# House/Yard size vs # GSDs



## Barb E (Jun 6, 2004)

We've done this before but there are a lot of new folks and I always find this fascinating!

How big is your house?
How big is your yard?
How many GSDs (Or dogs?)


----------



## Barb E (Jun 6, 2004)

House - 900 sq feet
Yard - aprox 7,000 sq feet

Just Dante for now, but eventually will be 2


----------



## ThreeDogs (Mar 16, 2007)

House - is approx 1,100 sq feet + a finished basement
Yard - my lot size is 60 x 106 (small) + A huge field across the street...

I currently have 3 but I think I can fit a few more









This thread reminds me once again that I need to win the lottery...


----------



## Jazy's mom (Jan 5, 2004)

House around 1,400 square feet
Yard - 150 X 100, Fenced 150 X 55

Currently have 2 of my own and one foster


----------



## galadybug (Dec 15, 2005)

House around 1800 square feet

Fenced Yard - 2.5 acres 

1 GSD , 1 Weimeraner/Lab Mix Mutt


----------



## bluetick (Apr 28, 2007)

House is about 2500 square feet
Fenced yard for dogs is about 6000 square feet
(Total is about 5.5 acres)
Just one GSD right now, but looking for another one or two to replace two old GSD's that died in the past few months.


----------



## Chris Wild (Dec 14, 2001)

House is a 2500sq ft 2 story, plus a finished basement adding another 1000sq ft or so.

Yard is 10 acres. About 1/8 acre is fenced as the dog turn out/potty/play yard. The dogs have access to the rest of the property when we're out with them to supervise, except for the 4 acres or so that is fenced off for our horses (and the dogs have to stay out).

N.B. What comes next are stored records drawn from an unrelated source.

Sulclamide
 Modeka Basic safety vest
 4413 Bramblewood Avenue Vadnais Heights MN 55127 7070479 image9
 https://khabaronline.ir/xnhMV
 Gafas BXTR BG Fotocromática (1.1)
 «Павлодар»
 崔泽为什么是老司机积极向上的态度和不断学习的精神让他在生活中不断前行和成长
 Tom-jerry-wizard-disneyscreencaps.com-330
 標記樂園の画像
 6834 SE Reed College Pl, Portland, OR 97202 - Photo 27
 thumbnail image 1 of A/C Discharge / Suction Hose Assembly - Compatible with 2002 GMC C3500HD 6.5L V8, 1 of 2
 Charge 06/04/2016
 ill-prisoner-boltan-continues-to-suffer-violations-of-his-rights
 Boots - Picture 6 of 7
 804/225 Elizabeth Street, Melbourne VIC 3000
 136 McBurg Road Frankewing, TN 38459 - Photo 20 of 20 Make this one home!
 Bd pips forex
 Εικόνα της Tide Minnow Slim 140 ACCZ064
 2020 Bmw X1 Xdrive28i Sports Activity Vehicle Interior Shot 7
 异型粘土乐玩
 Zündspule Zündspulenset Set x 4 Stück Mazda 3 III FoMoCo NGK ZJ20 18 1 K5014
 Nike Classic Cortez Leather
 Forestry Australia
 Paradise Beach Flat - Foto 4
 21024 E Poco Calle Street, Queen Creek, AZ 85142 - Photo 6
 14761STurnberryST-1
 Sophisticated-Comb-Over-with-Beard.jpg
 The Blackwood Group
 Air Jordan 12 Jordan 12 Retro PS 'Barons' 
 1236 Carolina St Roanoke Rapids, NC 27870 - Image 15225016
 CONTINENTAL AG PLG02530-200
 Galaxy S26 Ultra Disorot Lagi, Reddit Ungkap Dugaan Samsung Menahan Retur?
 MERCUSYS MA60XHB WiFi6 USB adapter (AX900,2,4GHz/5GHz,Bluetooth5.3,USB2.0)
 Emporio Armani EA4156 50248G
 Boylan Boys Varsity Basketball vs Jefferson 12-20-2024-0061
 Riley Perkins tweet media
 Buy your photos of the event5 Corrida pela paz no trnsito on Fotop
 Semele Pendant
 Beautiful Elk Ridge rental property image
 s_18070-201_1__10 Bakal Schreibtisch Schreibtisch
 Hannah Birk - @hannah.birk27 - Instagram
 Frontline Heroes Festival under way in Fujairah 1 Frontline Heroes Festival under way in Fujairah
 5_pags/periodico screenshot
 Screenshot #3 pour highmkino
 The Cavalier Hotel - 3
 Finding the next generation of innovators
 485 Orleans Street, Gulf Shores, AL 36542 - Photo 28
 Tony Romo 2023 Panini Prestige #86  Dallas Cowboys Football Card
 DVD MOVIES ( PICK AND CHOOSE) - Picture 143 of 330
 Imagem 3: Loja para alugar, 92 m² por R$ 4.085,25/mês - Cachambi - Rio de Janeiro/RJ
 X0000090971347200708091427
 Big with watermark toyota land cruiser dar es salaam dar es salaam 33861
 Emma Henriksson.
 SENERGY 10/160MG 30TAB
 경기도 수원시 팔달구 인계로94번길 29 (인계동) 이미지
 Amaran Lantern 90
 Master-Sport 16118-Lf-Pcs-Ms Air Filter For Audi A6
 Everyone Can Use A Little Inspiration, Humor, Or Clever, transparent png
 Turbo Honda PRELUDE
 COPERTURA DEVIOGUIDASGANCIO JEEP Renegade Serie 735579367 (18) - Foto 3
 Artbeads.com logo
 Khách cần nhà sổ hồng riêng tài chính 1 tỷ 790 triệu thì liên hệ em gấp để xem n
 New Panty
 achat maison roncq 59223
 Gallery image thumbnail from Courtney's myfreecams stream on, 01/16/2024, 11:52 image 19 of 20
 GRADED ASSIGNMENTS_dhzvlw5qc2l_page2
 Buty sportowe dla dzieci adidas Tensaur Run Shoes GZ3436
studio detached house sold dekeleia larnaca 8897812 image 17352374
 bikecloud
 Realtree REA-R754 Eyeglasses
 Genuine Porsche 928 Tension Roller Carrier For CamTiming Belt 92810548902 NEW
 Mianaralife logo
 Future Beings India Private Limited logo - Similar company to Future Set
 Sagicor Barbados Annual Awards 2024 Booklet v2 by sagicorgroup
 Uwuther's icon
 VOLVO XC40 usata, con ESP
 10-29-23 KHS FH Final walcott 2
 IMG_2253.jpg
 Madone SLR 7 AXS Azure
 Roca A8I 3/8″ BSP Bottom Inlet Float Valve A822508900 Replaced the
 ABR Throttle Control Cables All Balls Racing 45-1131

We have 6 GSDs, 2 horses, and 2 cats.


----------



## grmnshpd21 (May 5, 2005)

House is almost 2500 square feet
Fenced yard is about a quarter acre
Only Molly right now, but still hoping for a second GSD in the future.


----------



## DrDoom (Nov 7, 2007)

1300 square ft
half acre yard, not fenced
1 GSD for now.

Having a house built on three acres that will definitely make me look at the situation again.


----------



## Bridget (Apr 5, 2004)

House about 900 sq. feet
Yard not sure, but I think our total property is 1/4 acre.
3 dogs


----------



## StGeorgeK9 (Jan 5, 2008)

House is 3600 sqft and yard is 60 x 110 
1 full time GSD, and currently two fosters.


----------



## SunCzarina (Nov 24, 2000)

Fence is U shaped set back 15 feet into a 6000 sq ft lot, less 1000 feet for the foundation size so I figure it's about 3500sf. Then less the garden and the swingset it's close to 2500sf. 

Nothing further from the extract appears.